# Anyone use Poste restante these days?



## Glandwr (Jun 12, 2006)

The last time I did a lot of travelling was in the early 70’s well before email etc. My nearest and dearest kept in touch by addressing letters to 

My name
Poste Restante
Central Post Office
City
Country

I would furnish them will dates and capital cities. It always got there, I would turnup show my passport and collect my mail.

Does the system still work? I bet there is a charge these days. I need a small package that will not reach me until I leave the UK in 10 days time, and just thought that that might be a solution.

Thanks Dick


----------



## subfiver (Oct 15, 2011)

It certainly does en France, BUT, you need to precisely identify the destination office and it's address.

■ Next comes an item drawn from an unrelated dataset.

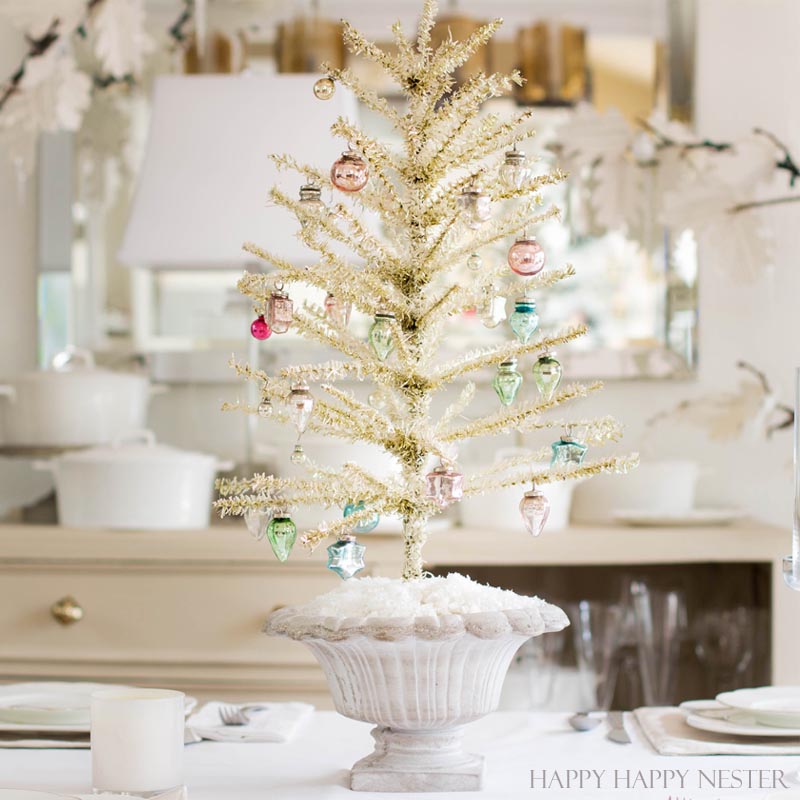 This is an easy way to make a Feather Tree. You take a tinsel tree and give it a good haircut. Then you add a bit of chalk paint to make it vintage like.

Cost is minimal.


----------



## teemyob (Nov 22, 2005)

*post*

Post Restante


----------



## tonyt (May 25, 2005)

Glandwr said:


> The last time I did a lot of travelling was in the early 70's well before email etc. My nearest and dearest kept in touch by addressing letters to
> 
> My name
> Poste Restante
> ...


Ah, those were the days and how excited we got when they handed over a little bundle of letters, some of them weeks old.


----------



## peejay (May 10, 2005)

hmh (Helen & David), have used it recently in Italy...

http://www.motorhomefacts.com/ftopicp-1175214.html#1175214

Pete


----------